Question

If 0.200 moles of AgNO₃ react with 0.155 moles of H₂SO₄ according to this UNBALANCED equation below, what is the mass in grams of Ag₂SO₄ that could be formed? AgNO₃(aq) + H₂SO₄ (aq) → Ag₂SO₄ (s) + HNO₃ (aq)

Answer 1

Answer:

31.2 g of Ag₂SO₄

Explanation:

We'll begin by writing the balanced equation for the reaction. This is given below:

2AgNO₃(aq) + H₂SO₄ (aq) → Ag₂SO₄ (s) + 2HNO₃ (aq)

From the balanced equation above,

2 moles of AgNO₃ reacted with 1 mole of H₂SO₄ to produce 1 mole of Ag₂SO₄ and 2 moles of HNO₃.

Next, we shall determine the limiting reactant.

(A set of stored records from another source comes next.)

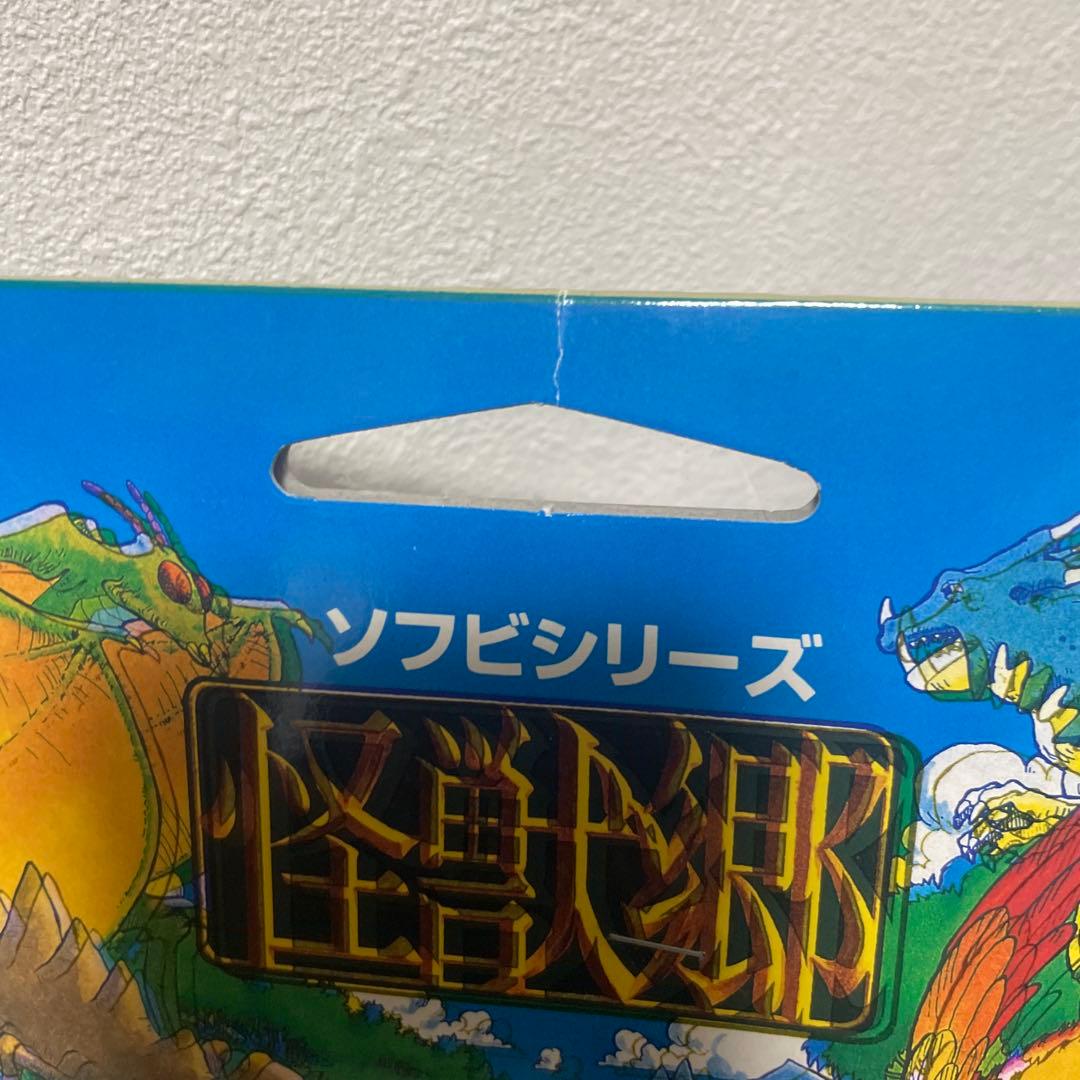 キーラ　ウルトラマン　怪獣（怪獣郷）ソフビ　新品未開封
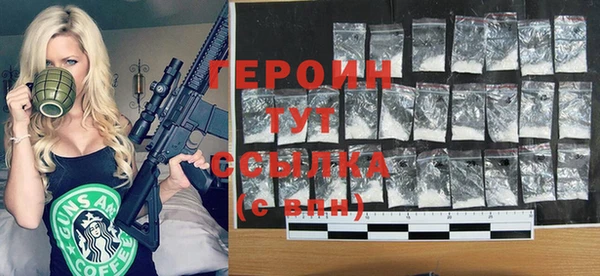 а пвп мука Бронницы
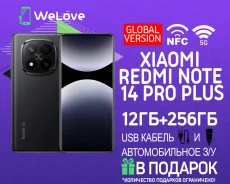 Xiaomi Redmi Note 14 Pro+ 5G. �����, 256 ��, ������, 3G, 4G LTE, 5G, Dual-SIM, NFC, ������� �������. ��� ����� �� ���������� ����
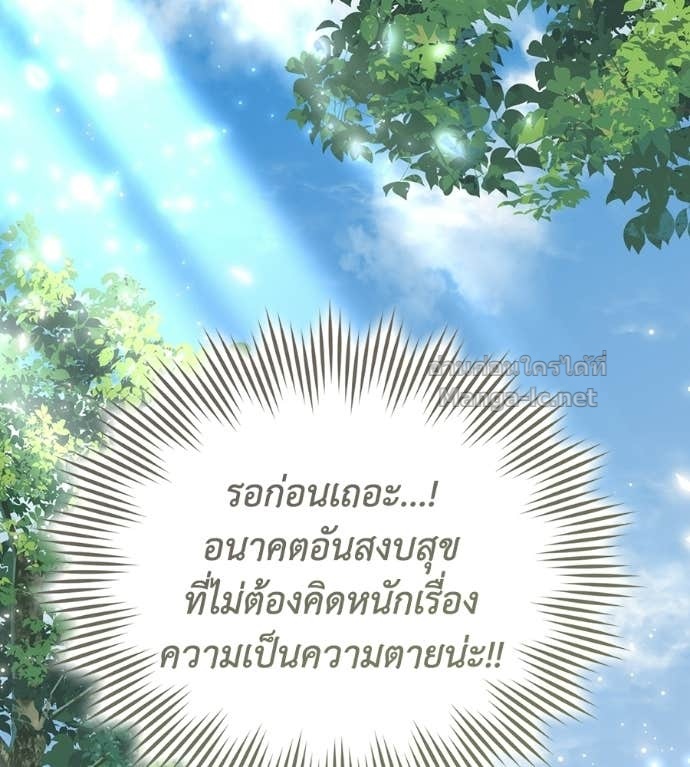 หน้า 131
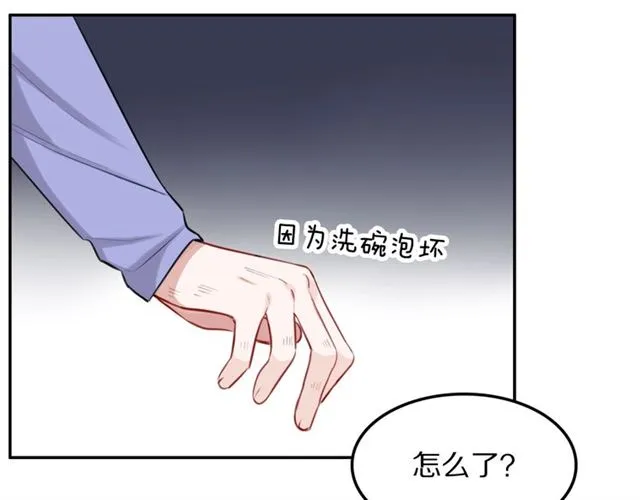 第26话男主危机⚠️！ 第43页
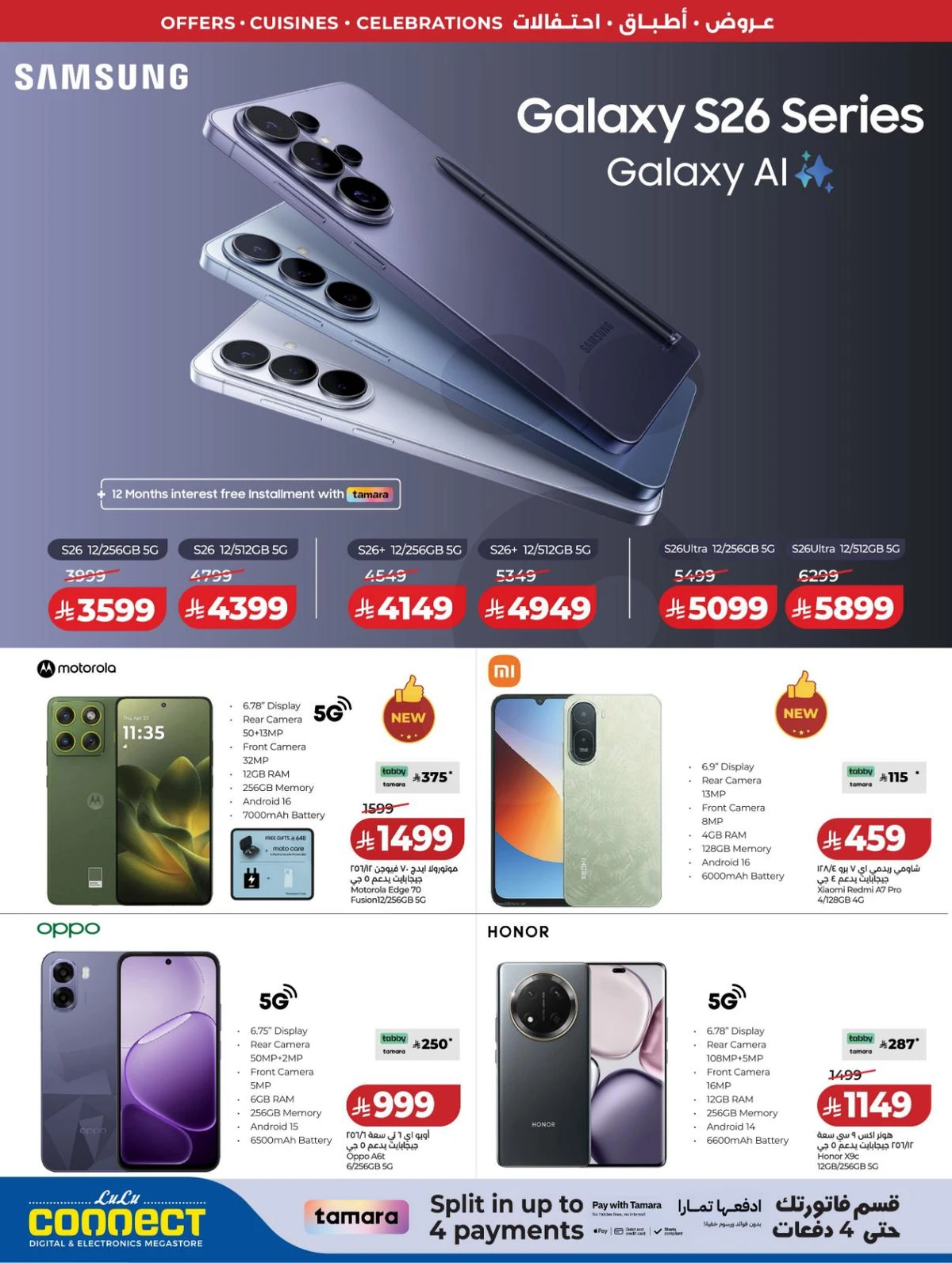 عالم المأكولات - صفحة 101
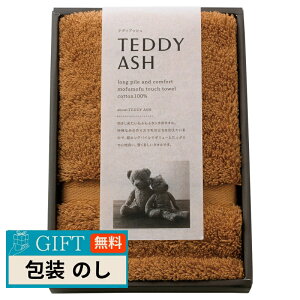 �g�N�_ TEDDY ASH �e�f�B�A�b�V�� ���ӂ��Ӄ^�b�` �n���h�^�I�� �x�[�W�� 80006/5 �M�t�g �v���[���g ���蕨 ���� � ���l �̂� ���� �yLOI�z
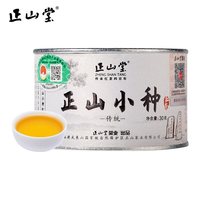 移动端、88VIP：正山堂 茶业正山小种红茶特级茶叶桐木关传统罐装长辈30g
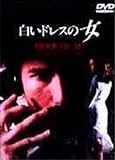 �򤤥ɥ쥹�ν� [DVD]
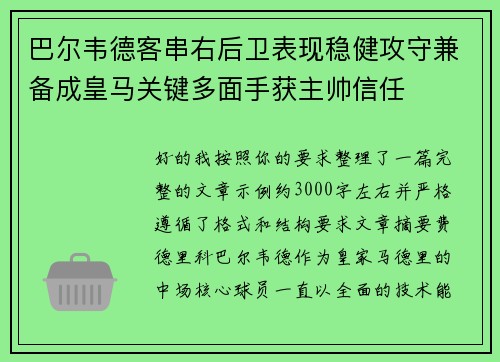 巴尔韦德客串右后卫表现稳健攻守兼备成皇马关键多面手获主帅信任 巴尔韦德客串右后卫表现稳健攻守兼备成皇马关键多面手获主帅信任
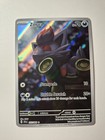 Zorua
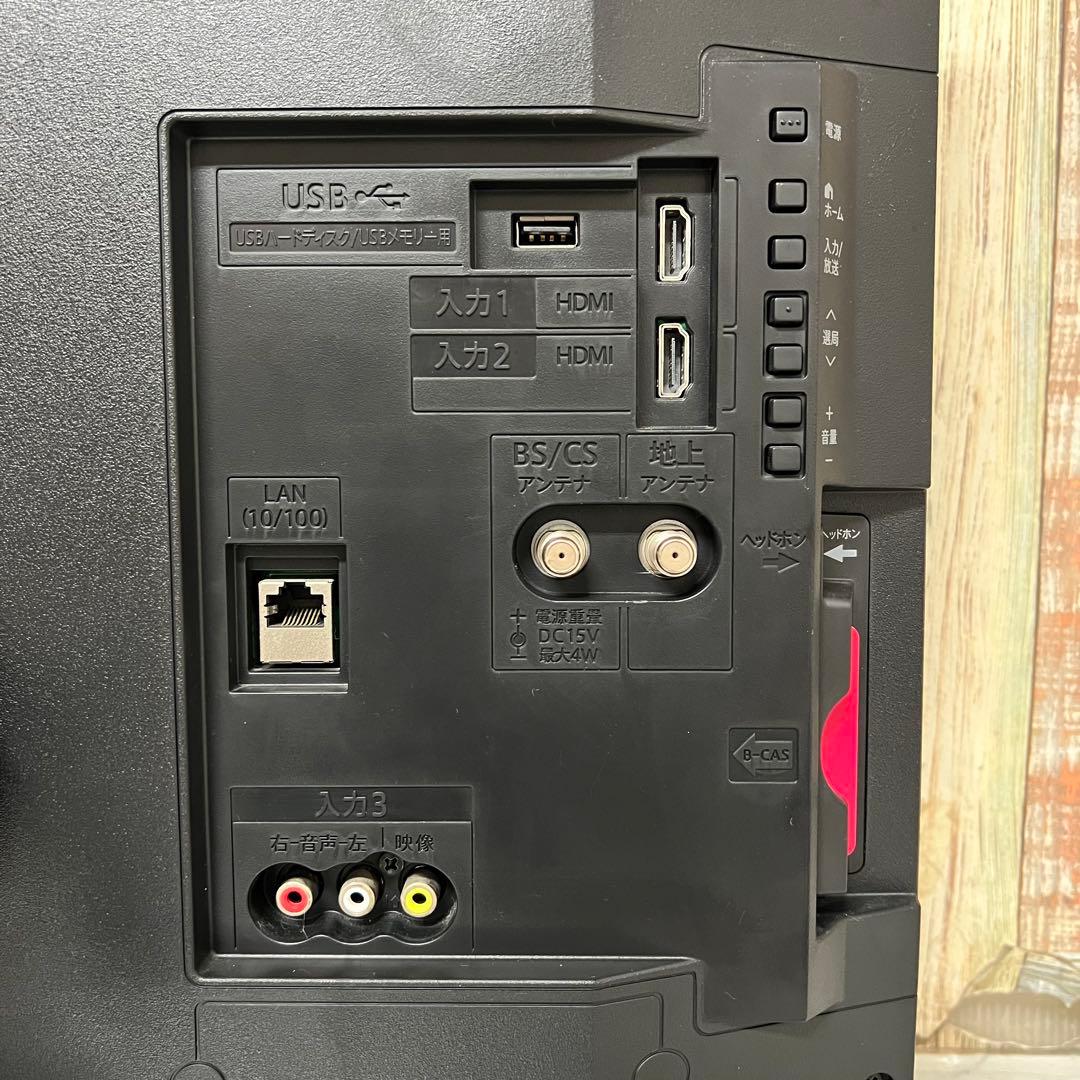 即日受渡❣️全国送料込シャープAQUOS24型TV裏番組録画可能Wチューナー搭載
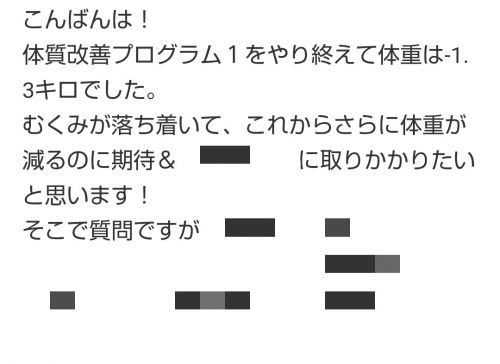 体質改善プログラム1をやり終えて体重は－1.3キロでした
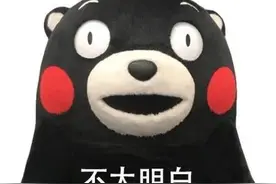 福州女娃长得太“漂亮”！医生：患上罕见病图片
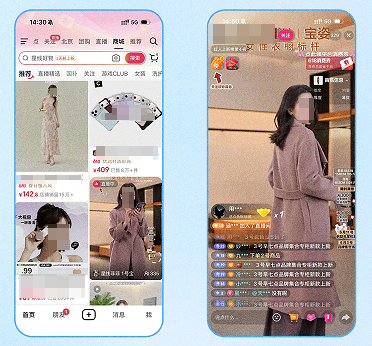 抖音平台商城品广&直播加热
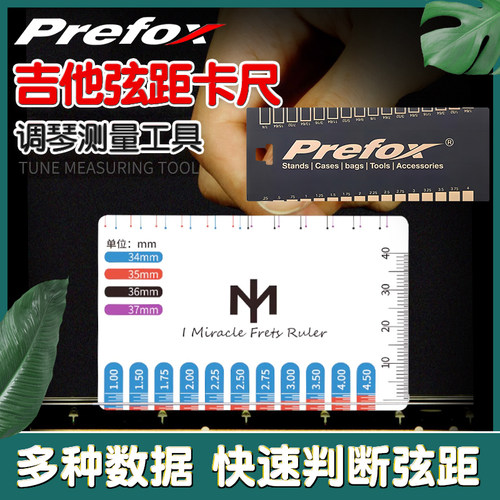 精准刻度吉他测量弦距不用愁包邮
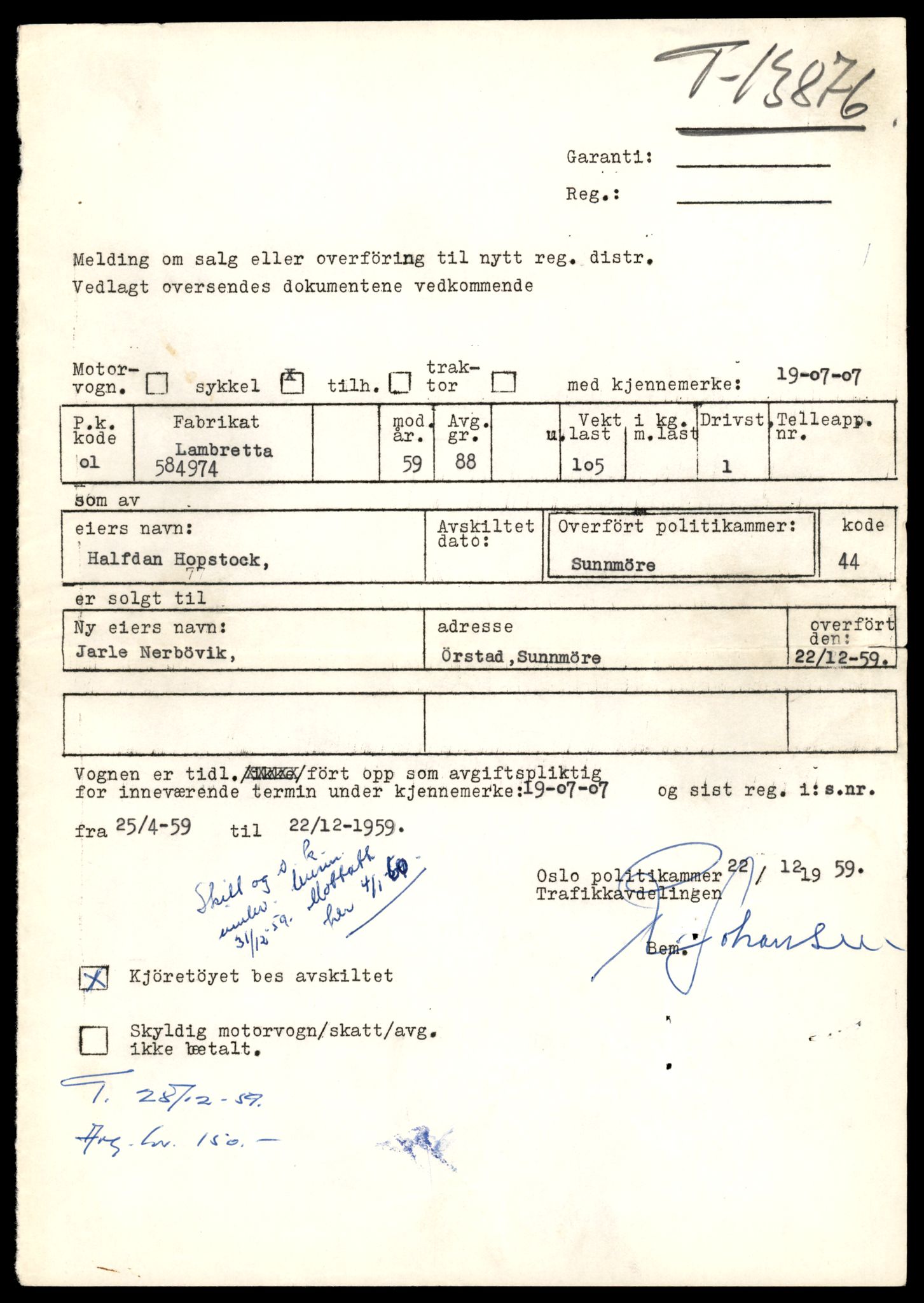 Møre og Romsdal vegkontor - Ålesund trafikkstasjon, AV/SAT-A-4099/F/Fe/L0041: Registreringskort for kjøretøy T 13710 - T 13905, 1927-1998, p. 2929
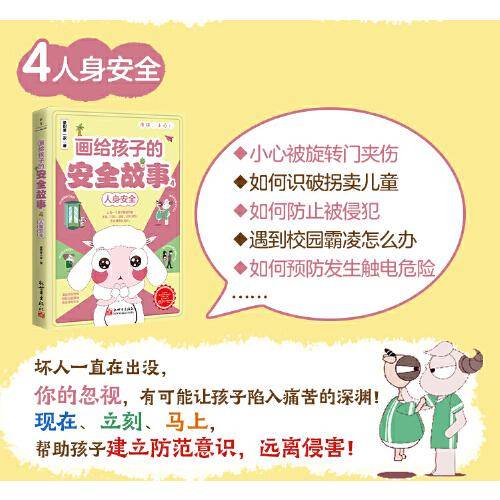 画给孩子的安全故事4：人身安全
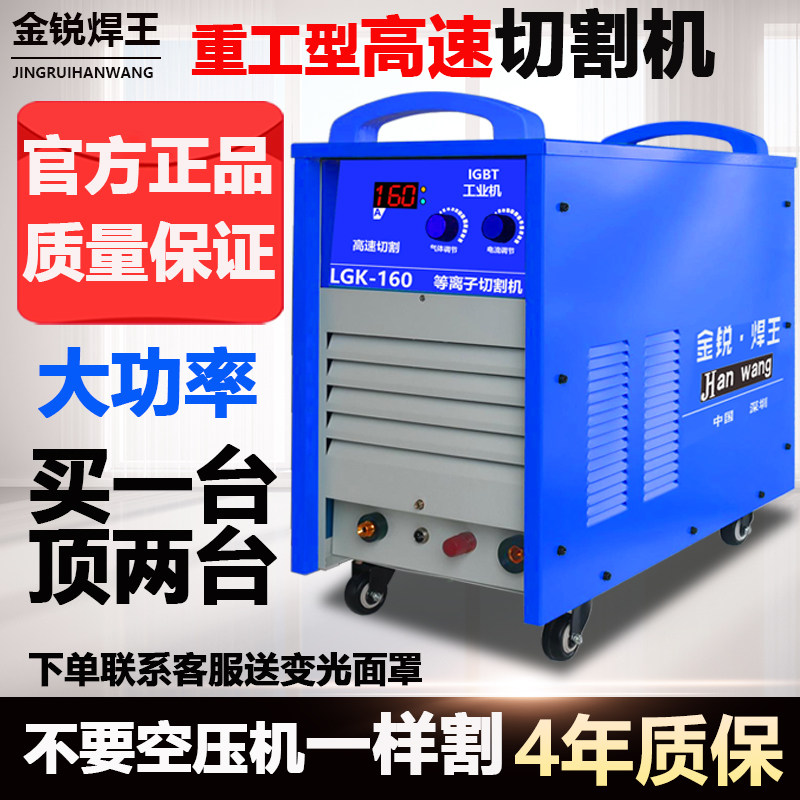 金属厚板切割高速切割重工380V图片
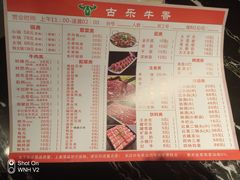 -古乐牛香·鲜牛肉牛杂火锅(解放东路店)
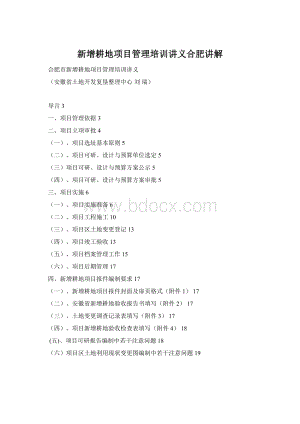 新增耕地项目管理培训讲义合肥讲解Word文档格式.docx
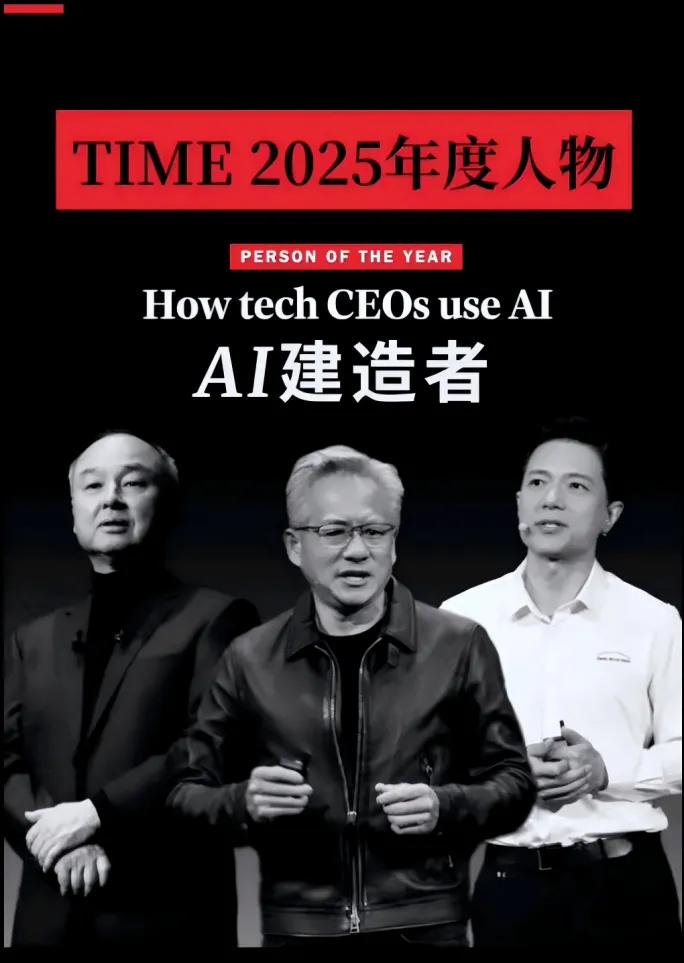 为什么《时代》周刊的 “AI缔造者”,选择了百度李彦宏?|时代_新浪财经_新浪网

This can obtained as follow:

From the balanced equation above,

2 moles of AgNO₃ reacted with 1 mole of H₂SO₄.

Therefore, 0.2 moles of AgNO₃ will react with = (0.2 x 1)/2 = 0.1 mole of H₂SO₄.

From the calculations made above, only 0.1 mole out of 0.155 mole of H₂SO₄ given is needed to react completely with 0.2 mole of AgNO₃. Therefore, AgNO₃ is the limiting reactant.

Next,, we shall determine the number of mole of Ag₂SO₄ produced from the reaction.

In this case we shall use the limiting reactant because it will give the maximum yield of Ag₂SO₄ as all of it is consumed in the reaction.

The limiting reactant is AgNO₃ and the number of mole of Ag₂SO₄ produced can be obtained as follow:

From the balanced equation above,

2 moles of AgNO₃ reacted to produce 1 mole of Ag₂SO₄.

Therefore, 0.2 moles of AgNO₃ will react to produce = (0.2 x 1)/2 = 0.1 mole of Ag₂SO₄.

Therefore, 0.1 mole of Ag₂SO₄ is produced from the reaction.

Finally, we shall convert 0.1 mole of Ag₂SO₄ to grams.

This can be obtained as follow:

Molar mass of Ag₂SO₄ = (2x108) + 32 + (16x4) = 312 g/mol

Mole of Ag₂SO₄ = 0.1

Mass of Ag₂SO₄ =?

Mole = mass /Molar mass

0.1 = Mass of Ag₂SO₄ /312

Cross multiply

Mass of Ag₂SO₄ = 0.1 x 312

Mass of Ag₂SO₄ = 31.2 g

Therefore, 31.2 g of Ag₂SO₄ were obtained from the reaction.